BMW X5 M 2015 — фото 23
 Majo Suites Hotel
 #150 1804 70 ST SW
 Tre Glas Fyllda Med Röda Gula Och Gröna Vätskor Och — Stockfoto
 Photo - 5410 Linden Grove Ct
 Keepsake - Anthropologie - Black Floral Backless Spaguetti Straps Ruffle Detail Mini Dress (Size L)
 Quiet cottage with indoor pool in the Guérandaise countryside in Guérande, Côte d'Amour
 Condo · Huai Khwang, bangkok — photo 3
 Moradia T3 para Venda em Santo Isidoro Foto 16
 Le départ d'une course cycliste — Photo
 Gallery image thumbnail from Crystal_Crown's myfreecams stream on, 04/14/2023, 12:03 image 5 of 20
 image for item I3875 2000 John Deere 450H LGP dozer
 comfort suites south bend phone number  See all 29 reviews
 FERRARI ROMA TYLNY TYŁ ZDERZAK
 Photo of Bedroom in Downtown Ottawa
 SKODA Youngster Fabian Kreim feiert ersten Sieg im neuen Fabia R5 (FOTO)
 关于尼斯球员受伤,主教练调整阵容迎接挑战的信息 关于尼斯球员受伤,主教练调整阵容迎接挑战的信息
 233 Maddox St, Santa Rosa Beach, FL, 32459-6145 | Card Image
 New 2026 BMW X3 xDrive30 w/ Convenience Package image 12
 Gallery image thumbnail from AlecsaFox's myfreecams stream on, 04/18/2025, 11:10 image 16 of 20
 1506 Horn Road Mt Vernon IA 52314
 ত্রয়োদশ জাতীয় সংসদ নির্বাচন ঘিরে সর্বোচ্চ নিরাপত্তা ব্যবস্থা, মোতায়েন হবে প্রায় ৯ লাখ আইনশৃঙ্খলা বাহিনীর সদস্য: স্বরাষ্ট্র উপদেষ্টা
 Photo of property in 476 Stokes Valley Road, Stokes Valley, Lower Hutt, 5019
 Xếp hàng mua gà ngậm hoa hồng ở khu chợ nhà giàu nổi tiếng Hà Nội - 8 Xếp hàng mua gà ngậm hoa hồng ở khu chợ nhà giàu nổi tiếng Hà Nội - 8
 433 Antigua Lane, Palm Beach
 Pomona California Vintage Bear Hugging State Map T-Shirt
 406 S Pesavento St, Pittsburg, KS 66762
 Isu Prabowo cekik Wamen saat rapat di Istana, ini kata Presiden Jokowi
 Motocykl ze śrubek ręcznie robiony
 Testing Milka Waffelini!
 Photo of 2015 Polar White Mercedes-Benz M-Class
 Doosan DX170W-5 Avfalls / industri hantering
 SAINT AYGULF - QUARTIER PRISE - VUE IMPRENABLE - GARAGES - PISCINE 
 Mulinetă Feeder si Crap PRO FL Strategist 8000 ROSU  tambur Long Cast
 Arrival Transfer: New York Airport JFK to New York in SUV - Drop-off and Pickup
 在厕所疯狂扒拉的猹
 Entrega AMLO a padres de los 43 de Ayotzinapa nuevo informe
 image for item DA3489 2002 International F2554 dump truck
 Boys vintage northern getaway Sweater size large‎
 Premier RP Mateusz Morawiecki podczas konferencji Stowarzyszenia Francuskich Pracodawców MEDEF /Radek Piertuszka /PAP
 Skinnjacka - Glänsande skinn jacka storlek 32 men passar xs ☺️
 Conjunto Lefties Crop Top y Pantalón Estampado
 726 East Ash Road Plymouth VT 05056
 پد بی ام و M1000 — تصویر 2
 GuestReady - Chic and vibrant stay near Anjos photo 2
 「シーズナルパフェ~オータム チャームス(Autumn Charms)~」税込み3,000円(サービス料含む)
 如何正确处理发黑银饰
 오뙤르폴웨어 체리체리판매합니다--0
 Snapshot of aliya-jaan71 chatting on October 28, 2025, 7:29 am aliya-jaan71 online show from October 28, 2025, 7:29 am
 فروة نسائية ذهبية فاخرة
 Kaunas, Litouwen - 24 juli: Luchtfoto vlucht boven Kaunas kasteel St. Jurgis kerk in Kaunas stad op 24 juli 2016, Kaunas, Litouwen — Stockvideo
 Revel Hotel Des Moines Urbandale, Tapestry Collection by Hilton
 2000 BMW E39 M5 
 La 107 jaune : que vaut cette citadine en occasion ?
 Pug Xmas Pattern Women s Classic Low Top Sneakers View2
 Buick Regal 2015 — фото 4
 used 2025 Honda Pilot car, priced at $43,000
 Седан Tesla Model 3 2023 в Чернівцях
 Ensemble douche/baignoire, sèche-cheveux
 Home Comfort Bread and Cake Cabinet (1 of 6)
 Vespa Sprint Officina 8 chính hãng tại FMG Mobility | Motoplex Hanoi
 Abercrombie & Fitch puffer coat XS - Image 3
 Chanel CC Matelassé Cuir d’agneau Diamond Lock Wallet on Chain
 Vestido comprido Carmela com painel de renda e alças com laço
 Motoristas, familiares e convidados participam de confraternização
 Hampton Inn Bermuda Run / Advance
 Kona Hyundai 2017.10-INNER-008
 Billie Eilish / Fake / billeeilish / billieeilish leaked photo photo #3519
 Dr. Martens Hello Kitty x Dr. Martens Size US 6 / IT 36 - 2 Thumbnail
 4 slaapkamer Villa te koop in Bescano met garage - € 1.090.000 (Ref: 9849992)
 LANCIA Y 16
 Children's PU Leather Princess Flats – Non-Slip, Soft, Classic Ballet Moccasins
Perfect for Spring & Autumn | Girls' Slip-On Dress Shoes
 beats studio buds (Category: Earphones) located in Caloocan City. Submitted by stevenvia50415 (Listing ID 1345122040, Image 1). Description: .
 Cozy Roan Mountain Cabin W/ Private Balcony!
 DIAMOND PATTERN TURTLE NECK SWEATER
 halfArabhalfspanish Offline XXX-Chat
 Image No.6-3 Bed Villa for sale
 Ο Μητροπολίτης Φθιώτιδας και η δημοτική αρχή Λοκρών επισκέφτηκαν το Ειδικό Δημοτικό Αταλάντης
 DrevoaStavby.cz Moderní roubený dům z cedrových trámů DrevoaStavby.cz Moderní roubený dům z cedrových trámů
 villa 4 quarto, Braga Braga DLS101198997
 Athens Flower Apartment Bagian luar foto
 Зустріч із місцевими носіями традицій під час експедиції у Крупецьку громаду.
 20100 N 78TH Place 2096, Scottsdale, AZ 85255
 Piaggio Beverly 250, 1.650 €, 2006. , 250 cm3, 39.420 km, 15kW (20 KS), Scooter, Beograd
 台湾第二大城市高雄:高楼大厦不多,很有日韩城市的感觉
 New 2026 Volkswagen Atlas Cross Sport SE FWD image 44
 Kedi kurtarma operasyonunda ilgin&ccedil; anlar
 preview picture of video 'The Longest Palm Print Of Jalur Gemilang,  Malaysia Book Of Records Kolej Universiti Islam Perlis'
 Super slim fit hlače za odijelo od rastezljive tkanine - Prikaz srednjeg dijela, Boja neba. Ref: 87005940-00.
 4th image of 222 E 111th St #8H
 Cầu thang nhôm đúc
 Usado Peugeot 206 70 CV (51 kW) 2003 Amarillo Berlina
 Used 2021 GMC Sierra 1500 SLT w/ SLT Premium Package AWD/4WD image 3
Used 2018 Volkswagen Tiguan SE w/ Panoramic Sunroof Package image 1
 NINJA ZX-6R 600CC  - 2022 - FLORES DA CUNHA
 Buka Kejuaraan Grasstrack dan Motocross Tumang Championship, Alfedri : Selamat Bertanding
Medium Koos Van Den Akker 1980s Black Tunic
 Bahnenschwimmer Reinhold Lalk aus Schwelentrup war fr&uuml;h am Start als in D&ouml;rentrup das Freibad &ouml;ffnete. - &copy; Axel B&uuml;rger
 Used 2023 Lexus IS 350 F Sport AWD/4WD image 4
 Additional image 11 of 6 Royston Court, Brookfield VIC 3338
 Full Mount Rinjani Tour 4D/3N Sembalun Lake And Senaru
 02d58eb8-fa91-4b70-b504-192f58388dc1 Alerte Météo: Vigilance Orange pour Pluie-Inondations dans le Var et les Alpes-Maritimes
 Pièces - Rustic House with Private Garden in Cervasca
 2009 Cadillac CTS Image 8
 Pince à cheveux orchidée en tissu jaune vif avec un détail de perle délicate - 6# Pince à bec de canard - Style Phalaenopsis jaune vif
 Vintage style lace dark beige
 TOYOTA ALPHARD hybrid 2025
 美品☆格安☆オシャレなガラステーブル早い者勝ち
★ ★ ★
= EXERCISE PROMPT =
Of the entries above, repeat exactly the lines between the line with "Mulinetă Feeder si" and the line with "GuestReady - Chic", inclusive, and no others.

= SOLVED EXERCISE =
 Mulinetă Feeder si Crap PRO FL Strategist 8000 ROSU  tambur Long Cast
 Arrival Transfer: New York Airport JFK to New York in SUV - Drop-off and Pickup
 在厕所疯狂扒拉的猹
 Entrega AMLO a padres de los 43 de Ayotzinapa nuevo informe
 image for item DA3489 2002 International F2554 dump truck
 Boys vintage northern getaway Sweater size large‎
 Premier RP Mateusz Morawiecki podczas konferencji Stowarzyszenia Francuskich Pracodawców MEDEF /Radek Piertuszka /PAP
 Skinnjacka - Glänsande skinn jacka storlek 32 men passar xs ☺️
 Conjunto Lefties Crop Top y Pantalón Estampado
 726 East Ash Road Plymouth VT 05056
 پد بی ام و M1000 — تصویر 2
 GuestReady - Chic and vibrant stay near Anjos photo 2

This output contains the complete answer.